Problem:
Transcribe the whole listing exactly; the images stay out.

Source data:
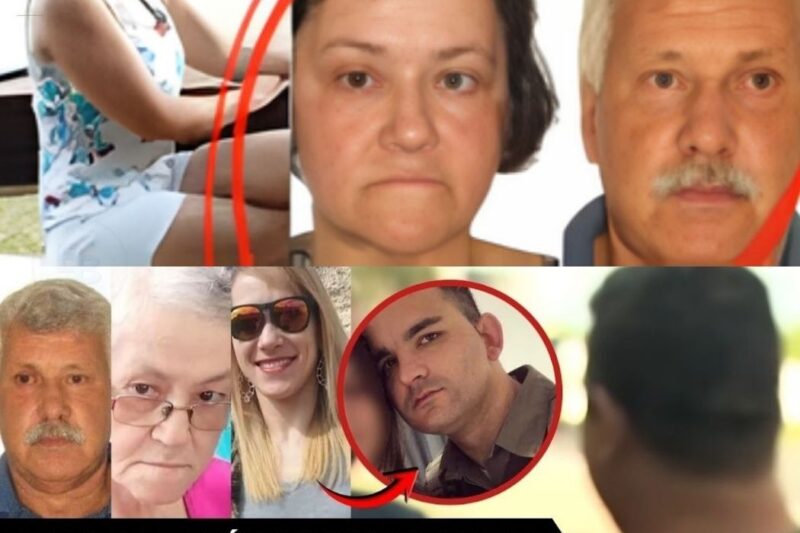 FAMÍLIA AGUIAR: DELEGADO CONFIRMA TER PROVAS PARA INDICIAR SUSPEITO E TESTEMUNHA ENTREGA FALA TUDO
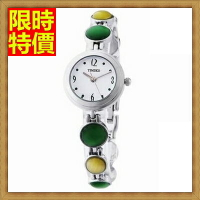 手錶石英錶(手鍊造型)-復古簡約時尚女腕錶6色71r4【獨家進口】【米蘭精品】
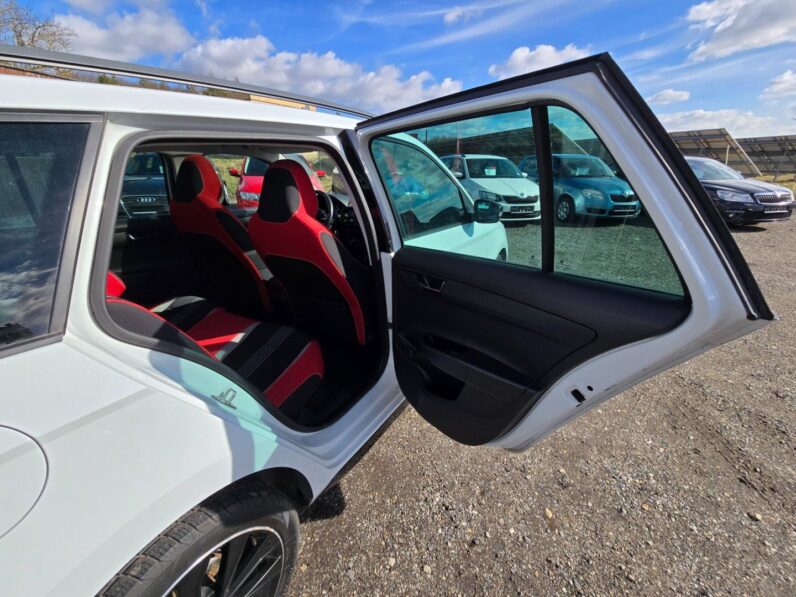 
								Škoda Fabia – 1.2 TSi 81KW Monte Carlo full									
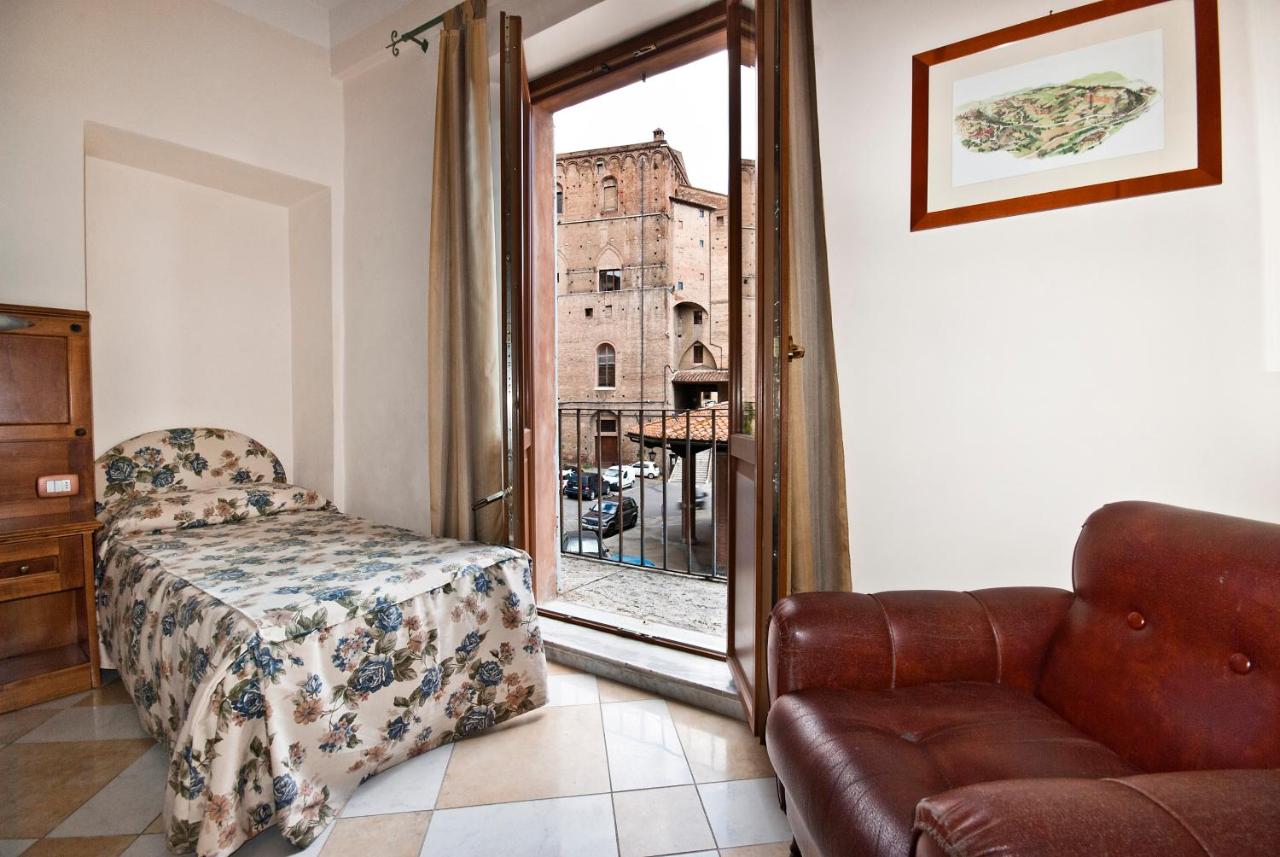 Camera Tripla con Balcone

Answer area:
 FAMÍLIA AGUIAR: DELEGADO CONFIRMA TER PROVAS PARA INDICIAR SUSPEITO E TESTEMUNHA ENTREGA FALA TUDO
 手錶石英錶(手鍊造型)-復古簡約時尚女腕錶6色71r4【獨家進口】【米蘭精品】
								Škoda Fabia – 1.2 TSi 81KW Monte Carlo full									
 Camera Tripla con Balcone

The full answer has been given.